A mere two months before the Whitney deadline, 35-year-old artist Darren Bader doesn’t know what he’s making for the Biennial. In the time he’s had to consider his project, much of the museum’s exhibiting spaces have been snatched up by other artists. Mostly all that remains is a secondary, off-site location or an ephemeral, nonmaterial approach—two options well suited to the Connecticut-born artist’s relentlessly alternative approach to his craft. “It certainly is a valid approach to be chosen for a prestigious show and participate in no conspicuous way,” Bader says. “But for the Biennial, I would like to make something.”
Bader’s work is created using unfettered, unstructured methods, with freedom going to all variables of his productions. They are often liberally described as sculpture. In his 2012 show at MoMA PS1, he exhibited live kittens up for adoption, and one of them was adopted under the title cat made out of crabmeat. The artwork, he says, is “taking the title at face value and believing in the inner workings of an otherwise superficial entity.” In 2013 at Art Basel Miami, he showed more than a dozen copies of Villette, the 1853 novel by Charlotte Brontë. “That was just a placeholder,” he says. “The piece is anywhere between two and 18,000 copies of that edition of the book. The collector is encouraged to collect up to 18,000 copies and keep them on hand.”
Bader’s productions also involve writing, artist books, and video, which he considers the germ for his pieces.

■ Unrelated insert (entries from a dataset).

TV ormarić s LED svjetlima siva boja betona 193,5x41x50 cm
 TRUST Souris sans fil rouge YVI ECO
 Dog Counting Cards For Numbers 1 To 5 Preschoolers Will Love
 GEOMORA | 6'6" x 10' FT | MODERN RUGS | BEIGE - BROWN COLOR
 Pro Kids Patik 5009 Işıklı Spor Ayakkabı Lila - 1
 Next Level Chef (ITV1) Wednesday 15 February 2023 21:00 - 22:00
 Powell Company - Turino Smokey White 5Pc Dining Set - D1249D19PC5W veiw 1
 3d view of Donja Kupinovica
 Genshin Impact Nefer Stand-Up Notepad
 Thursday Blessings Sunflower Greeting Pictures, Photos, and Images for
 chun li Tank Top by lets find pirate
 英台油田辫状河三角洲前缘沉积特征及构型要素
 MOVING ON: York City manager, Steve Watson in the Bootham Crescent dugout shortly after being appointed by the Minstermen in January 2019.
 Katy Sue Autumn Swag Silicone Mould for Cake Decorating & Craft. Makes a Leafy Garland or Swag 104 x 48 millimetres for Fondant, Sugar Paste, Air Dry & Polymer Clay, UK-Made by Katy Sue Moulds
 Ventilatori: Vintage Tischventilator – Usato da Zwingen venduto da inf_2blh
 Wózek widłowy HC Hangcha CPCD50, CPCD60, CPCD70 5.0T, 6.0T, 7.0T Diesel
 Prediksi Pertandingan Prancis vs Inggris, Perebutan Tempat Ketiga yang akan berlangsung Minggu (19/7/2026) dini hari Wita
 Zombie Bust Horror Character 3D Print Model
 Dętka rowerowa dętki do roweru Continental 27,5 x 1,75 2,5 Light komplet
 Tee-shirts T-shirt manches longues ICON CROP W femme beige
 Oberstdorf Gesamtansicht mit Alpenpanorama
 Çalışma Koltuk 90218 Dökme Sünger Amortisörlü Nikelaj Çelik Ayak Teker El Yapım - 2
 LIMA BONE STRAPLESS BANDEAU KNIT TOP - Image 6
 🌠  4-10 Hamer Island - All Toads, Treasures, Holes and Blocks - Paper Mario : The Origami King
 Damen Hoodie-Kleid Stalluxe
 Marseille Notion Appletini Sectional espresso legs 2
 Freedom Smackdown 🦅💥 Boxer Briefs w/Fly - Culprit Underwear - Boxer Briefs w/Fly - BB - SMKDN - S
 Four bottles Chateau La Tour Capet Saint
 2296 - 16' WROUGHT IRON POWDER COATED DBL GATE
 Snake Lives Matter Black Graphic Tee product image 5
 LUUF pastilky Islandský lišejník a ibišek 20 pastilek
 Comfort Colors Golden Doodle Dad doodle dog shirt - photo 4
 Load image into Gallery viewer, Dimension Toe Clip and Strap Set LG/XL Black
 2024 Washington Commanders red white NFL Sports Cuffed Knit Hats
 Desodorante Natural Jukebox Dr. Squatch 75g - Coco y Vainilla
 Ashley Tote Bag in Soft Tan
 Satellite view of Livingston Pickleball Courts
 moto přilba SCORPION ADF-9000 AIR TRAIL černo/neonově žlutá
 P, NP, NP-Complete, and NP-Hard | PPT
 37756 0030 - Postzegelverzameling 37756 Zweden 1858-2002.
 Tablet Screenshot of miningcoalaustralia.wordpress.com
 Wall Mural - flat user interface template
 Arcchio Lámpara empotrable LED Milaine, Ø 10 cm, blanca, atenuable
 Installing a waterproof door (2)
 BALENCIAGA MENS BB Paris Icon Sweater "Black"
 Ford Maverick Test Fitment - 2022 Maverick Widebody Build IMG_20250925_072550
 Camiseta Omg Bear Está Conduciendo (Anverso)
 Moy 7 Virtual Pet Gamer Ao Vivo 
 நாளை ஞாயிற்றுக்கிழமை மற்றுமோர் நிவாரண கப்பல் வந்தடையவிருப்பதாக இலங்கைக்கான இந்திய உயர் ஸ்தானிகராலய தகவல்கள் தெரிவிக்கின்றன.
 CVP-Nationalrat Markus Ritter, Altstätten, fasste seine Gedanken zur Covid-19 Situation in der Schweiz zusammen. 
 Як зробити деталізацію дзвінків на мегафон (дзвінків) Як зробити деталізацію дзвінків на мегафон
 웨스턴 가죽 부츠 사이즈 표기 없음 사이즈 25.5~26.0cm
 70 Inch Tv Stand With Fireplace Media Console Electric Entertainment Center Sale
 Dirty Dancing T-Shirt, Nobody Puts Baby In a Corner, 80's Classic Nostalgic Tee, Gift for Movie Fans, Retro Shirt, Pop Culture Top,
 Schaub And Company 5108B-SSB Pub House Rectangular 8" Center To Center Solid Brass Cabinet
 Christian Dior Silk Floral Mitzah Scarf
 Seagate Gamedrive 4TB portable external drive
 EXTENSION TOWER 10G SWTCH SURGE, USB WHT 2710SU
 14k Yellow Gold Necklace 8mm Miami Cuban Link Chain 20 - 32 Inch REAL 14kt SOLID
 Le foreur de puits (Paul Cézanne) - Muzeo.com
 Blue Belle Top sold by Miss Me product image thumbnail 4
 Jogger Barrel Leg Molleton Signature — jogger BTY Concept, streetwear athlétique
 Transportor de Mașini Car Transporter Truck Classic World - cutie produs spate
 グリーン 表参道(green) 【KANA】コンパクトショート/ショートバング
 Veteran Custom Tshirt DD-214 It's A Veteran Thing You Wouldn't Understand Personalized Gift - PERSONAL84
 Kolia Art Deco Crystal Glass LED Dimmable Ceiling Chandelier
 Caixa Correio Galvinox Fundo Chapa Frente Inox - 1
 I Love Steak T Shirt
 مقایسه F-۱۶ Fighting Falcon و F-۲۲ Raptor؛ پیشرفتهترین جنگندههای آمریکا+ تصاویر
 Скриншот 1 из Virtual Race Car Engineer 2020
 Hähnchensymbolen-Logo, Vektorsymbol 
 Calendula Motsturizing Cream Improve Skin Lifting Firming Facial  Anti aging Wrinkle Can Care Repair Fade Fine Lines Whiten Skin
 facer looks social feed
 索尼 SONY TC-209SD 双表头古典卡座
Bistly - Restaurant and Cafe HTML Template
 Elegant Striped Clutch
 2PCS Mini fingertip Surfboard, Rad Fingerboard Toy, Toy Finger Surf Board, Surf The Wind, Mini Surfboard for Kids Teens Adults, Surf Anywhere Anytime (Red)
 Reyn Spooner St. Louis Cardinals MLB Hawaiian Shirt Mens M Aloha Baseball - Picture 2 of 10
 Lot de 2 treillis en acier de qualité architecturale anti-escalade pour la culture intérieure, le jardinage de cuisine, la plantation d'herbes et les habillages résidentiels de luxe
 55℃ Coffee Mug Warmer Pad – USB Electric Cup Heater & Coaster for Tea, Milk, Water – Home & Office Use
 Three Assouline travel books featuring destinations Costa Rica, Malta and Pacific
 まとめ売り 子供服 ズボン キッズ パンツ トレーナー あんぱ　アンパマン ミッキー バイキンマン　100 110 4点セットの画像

His first artistic ambition was to be a film director, and he made videos composed of long takes of objects both inert and in motion. Eventually, he stopped looking through the lens and saw objects as sculpture, allowing everything in his environment to be material for his art. “Anything you can think about as a finite, packable entity is sculpture,” he explains.
Bader has the kind of panoramic, definition-bending sensibility that characterized Marcel Duchamp, Gabriel Orozco, and more recently, Tino Sehgal. Bader’s 2012 book, Life as a Readymade, is a manifesto-like text on this approach (“an open letter to anyone who considers himself [sic] an artist”) and includes phrases such as “Art is a state of mind and experience understood by any number of people at any number of moments.” At times, the reaction to this wild open-mindedness can only be laughter—not the goofy, out-loud kind, but the private lung spasms that cough up after a curious, misunderstood, maybe all-too-telling joke.